TASK GOAL
This task calls for every entry below to be repeated exactly, without the pictures.

Saved entries:
>>

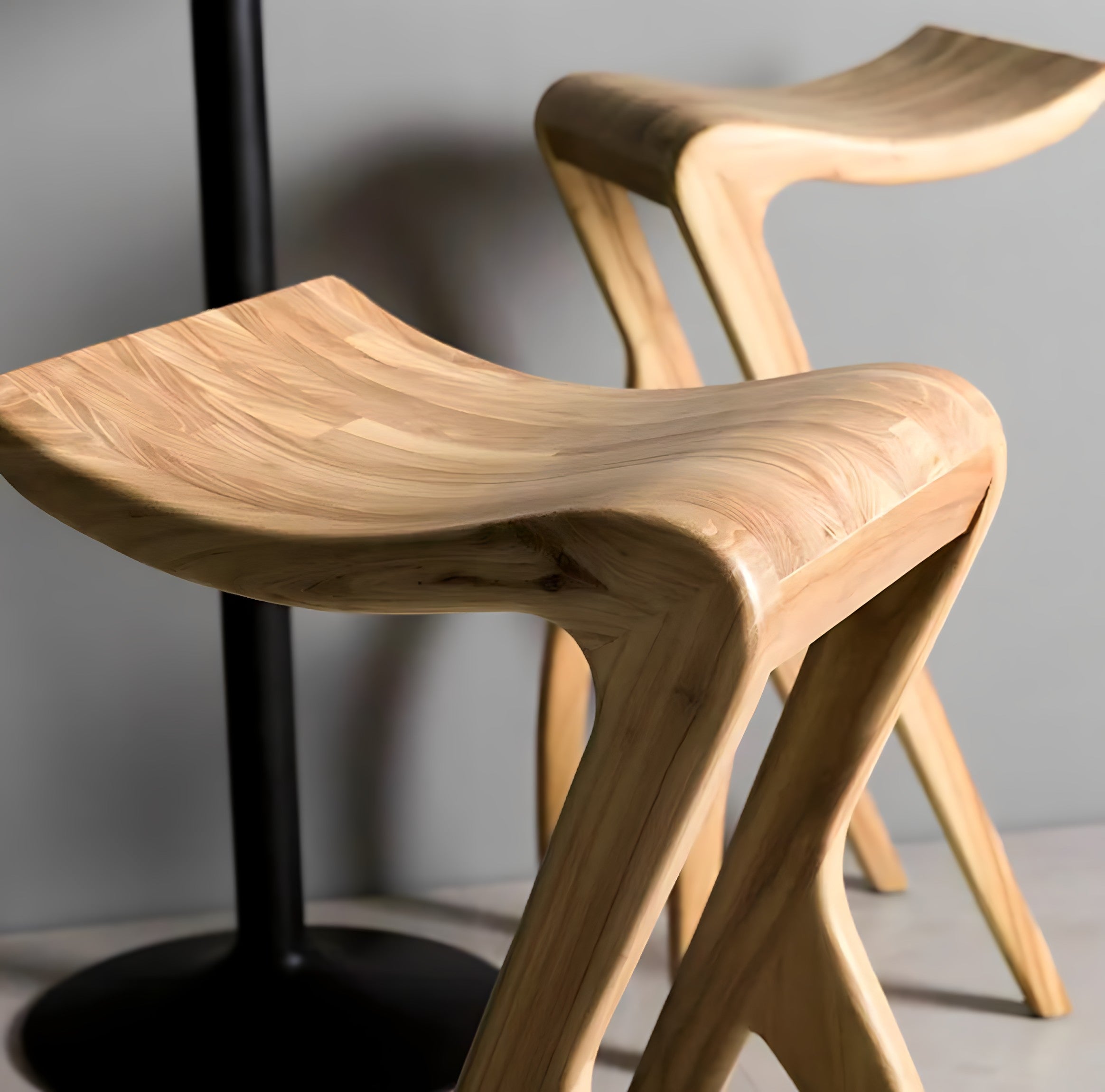 Hina Bar Stool Nisu Home
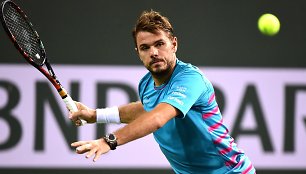 Stanas Wawrinka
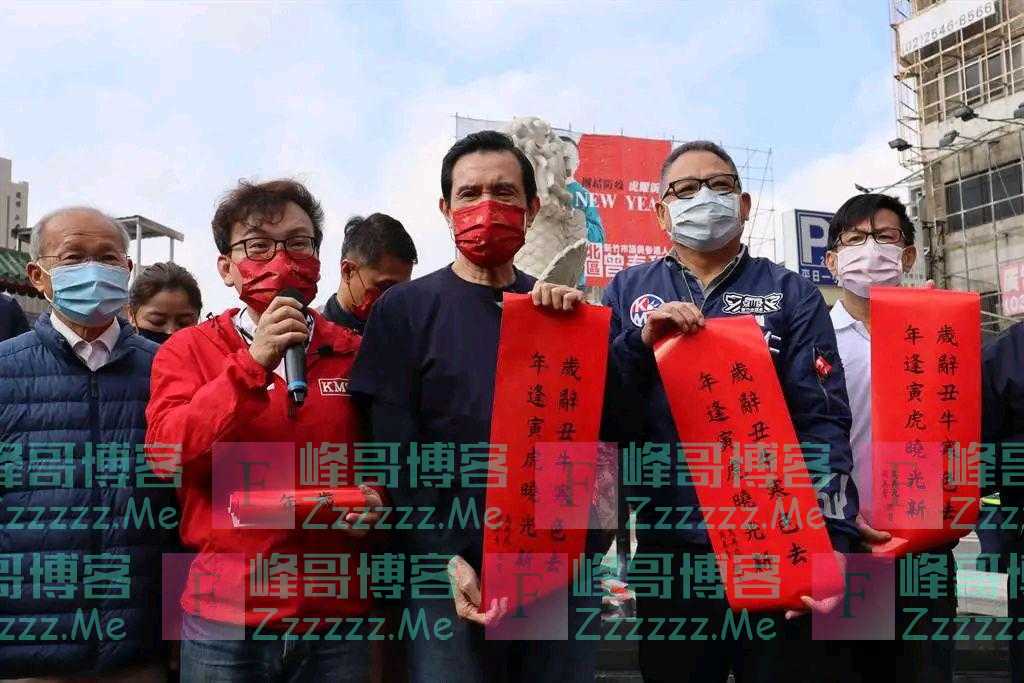 国民党接连失利,马英九:实力没有因此缩小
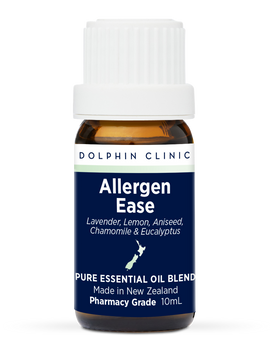 ALLERGEN AID - PURE ESSENTIAL OIL BLEND 10ML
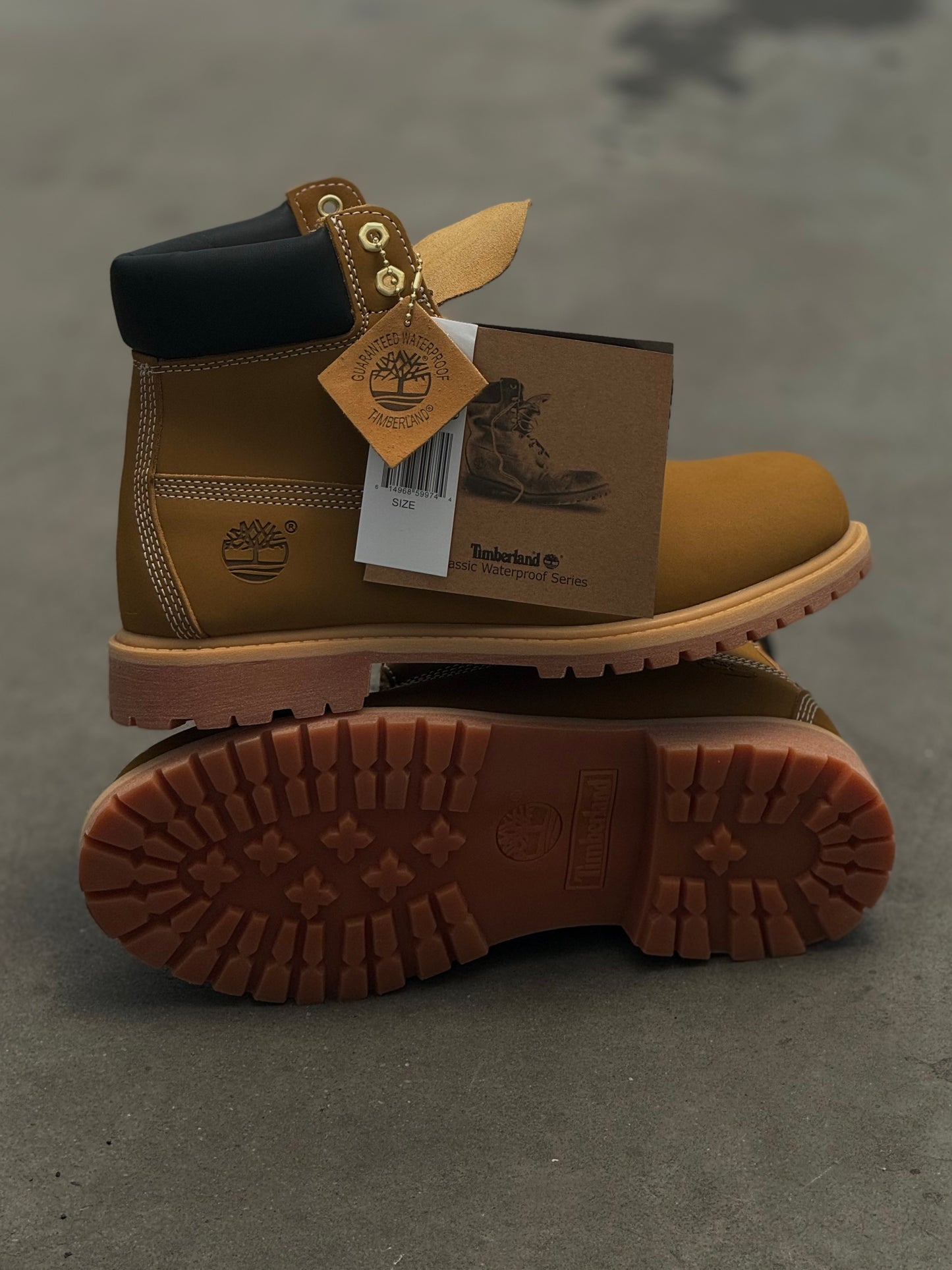 Timberland 6-Inch Premium Waterproof Boots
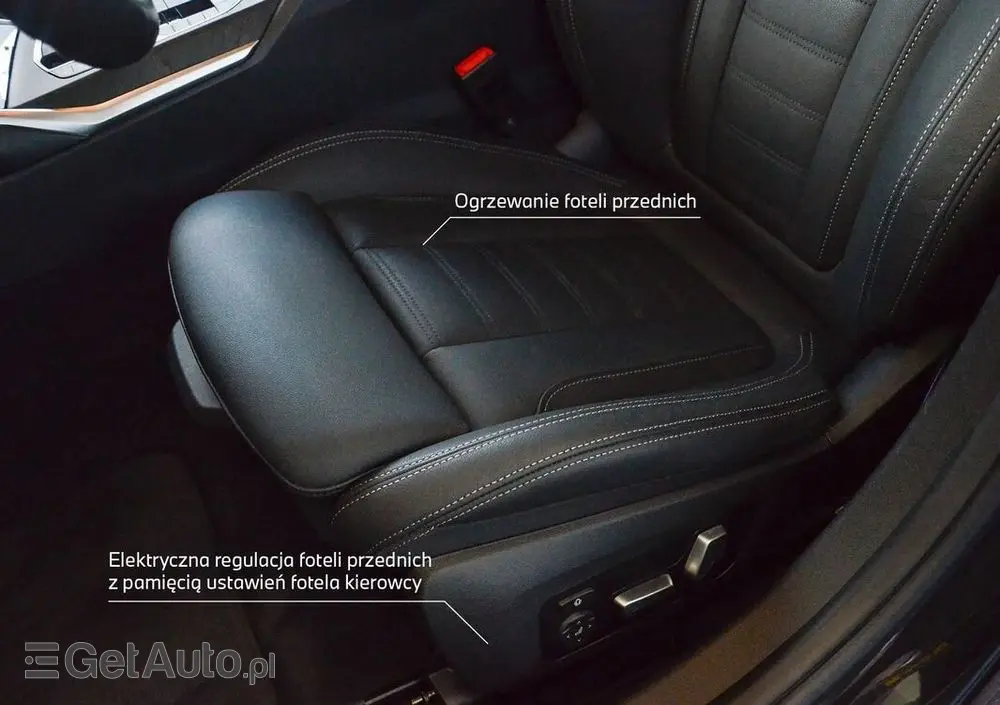 BMW Seria 3 330e xDrive M Sport sport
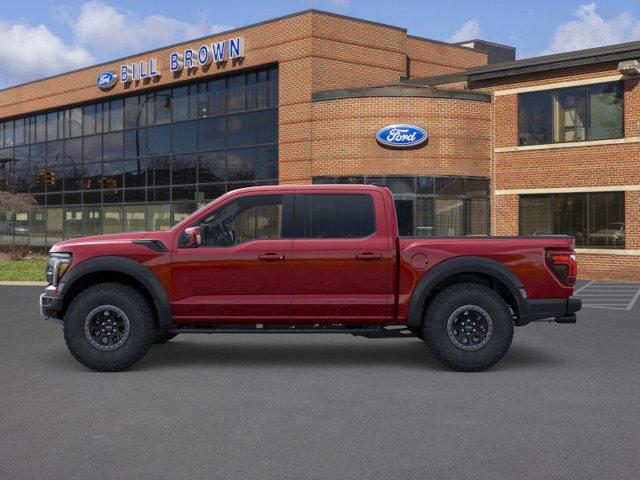 new 2025 Ford F-150 car, priced at $93,870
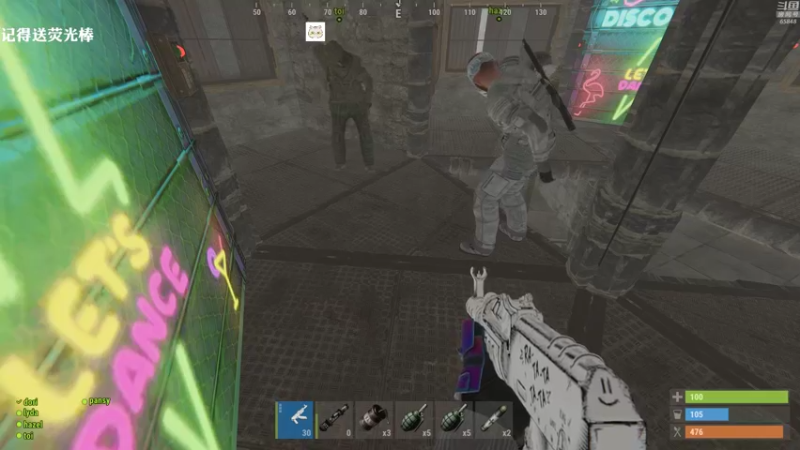 【2021-10-26 03点场】Happy丨猫腻：周日晚上8.30开启新服征程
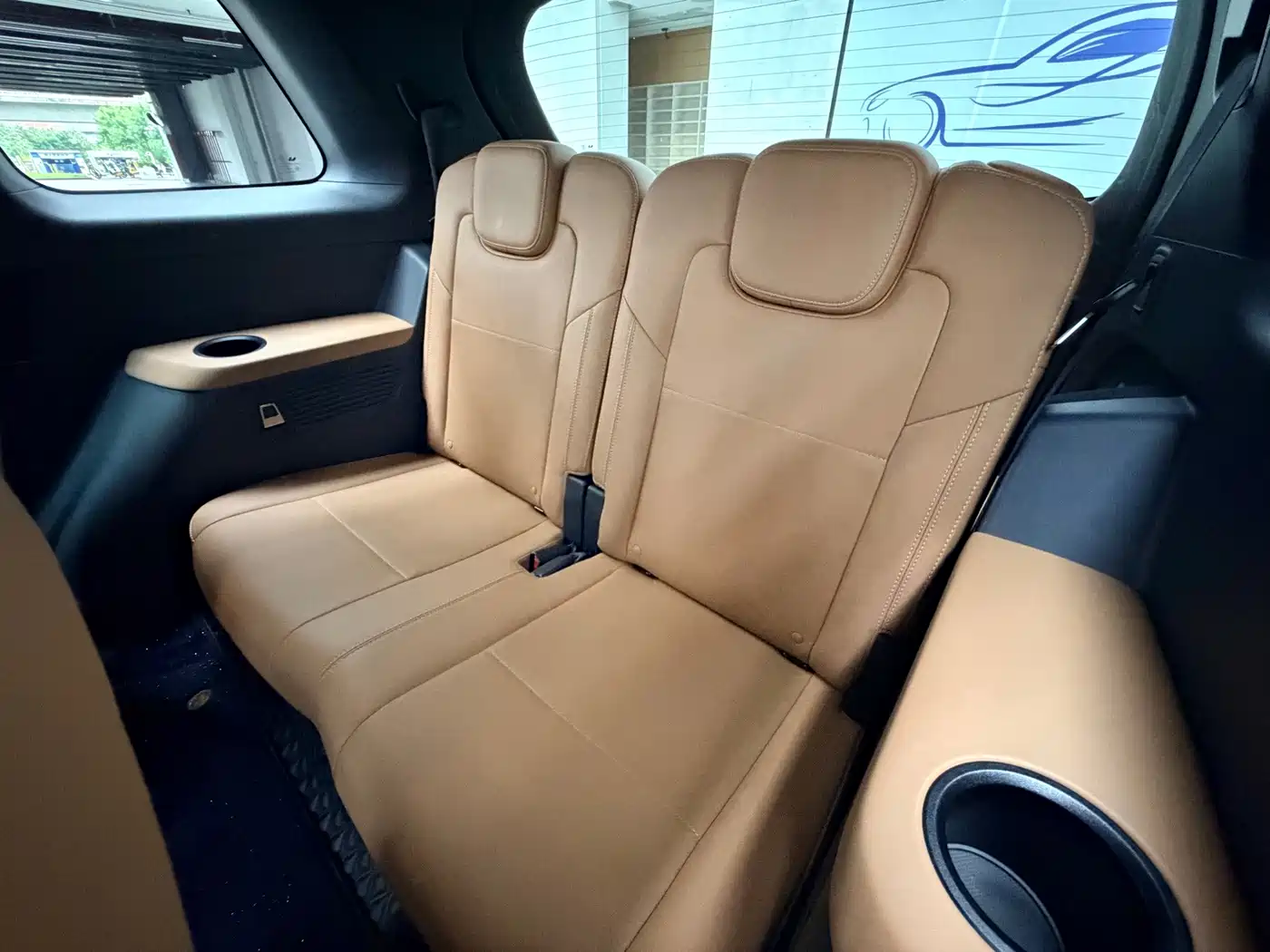Li Auto Li ONE 2022 2021 Extended Range 6-Seater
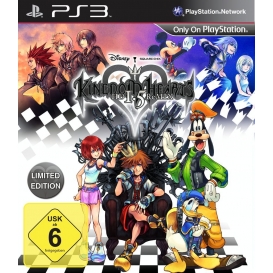 More about Kingdom Hearts HD 1.5 ReMIX (Limited Edition)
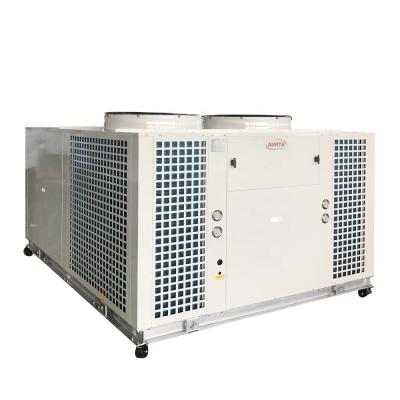 China Office Building / Retail / Restaurant / Shopping Mall / Warehouse / Rooftop Ac Factory Packaged Portable Air Conditioner for sale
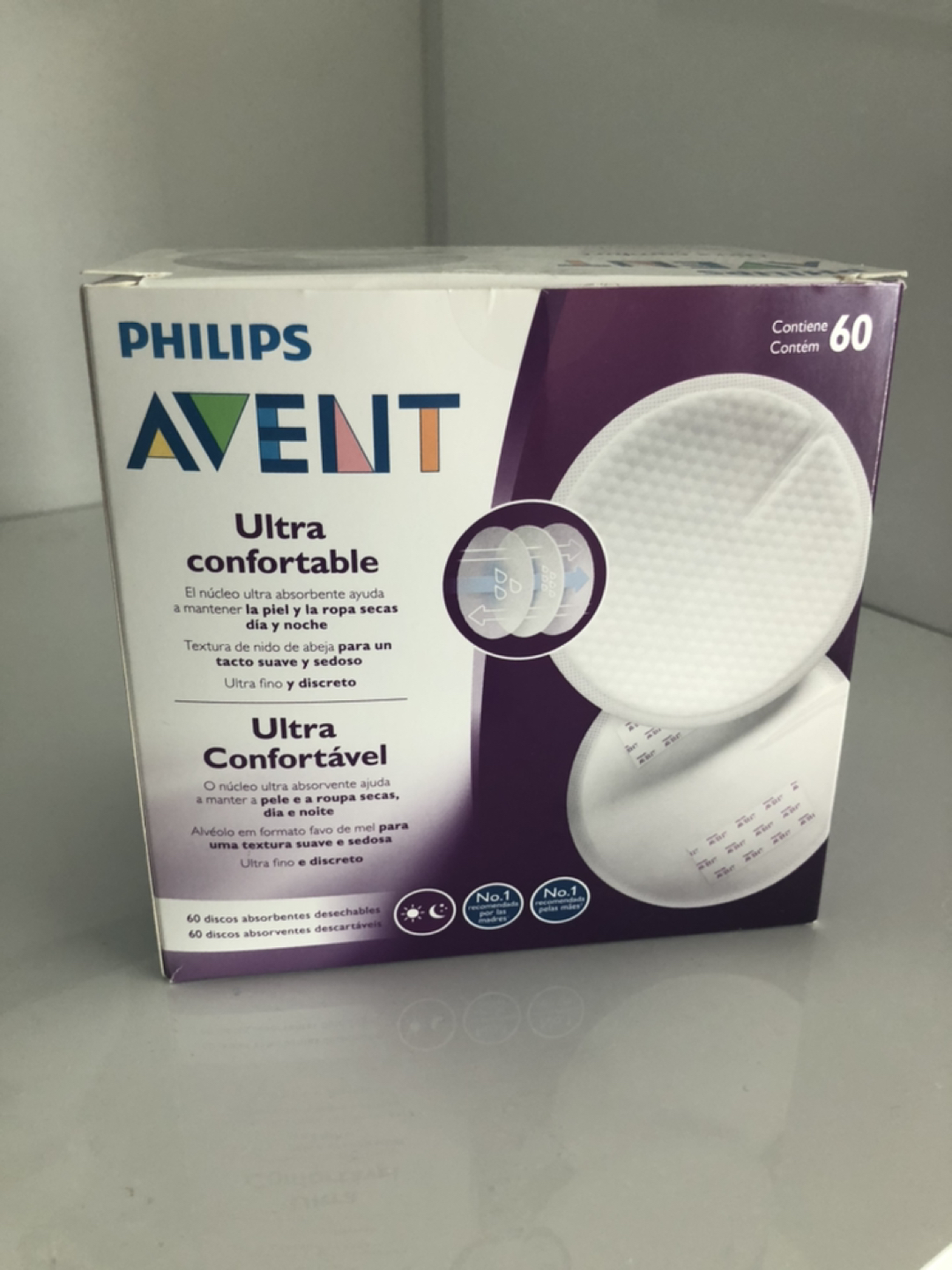Philips Avent Disposable Breastpad Day thumbnail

<<

TASK SOLUTION
 Hina Bar Stool Nisu Home
 Stanas Wawrinka
 国民党接连失利,马英九:实力没有因此缩小
 ALLERGEN AID - PURE ESSENTIAL OIL BLEND 10ML
 Timberland 6-Inch Premium Waterproof Boots
 BMW Seria 3 330e xDrive M Sport sport
 new 2025 Ford F-150 car, priced at $93,870
 【2021-10-26 03点场】Happy丨猫腻：周日晚上8.30开启新服征程
Li Auto Li ONE 2022 2021 Extended Range 6-Seater
 More about Kingdom Hearts HD 1.5 ReMIX (Limited Edition)
 China Office Building / Retail / Restaurant / Shopping Mall / Warehouse / Rooftop Ac Factory Packaged Portable Air Conditioner for sale
Philips Avent Disposable Breastpad Day thumbnail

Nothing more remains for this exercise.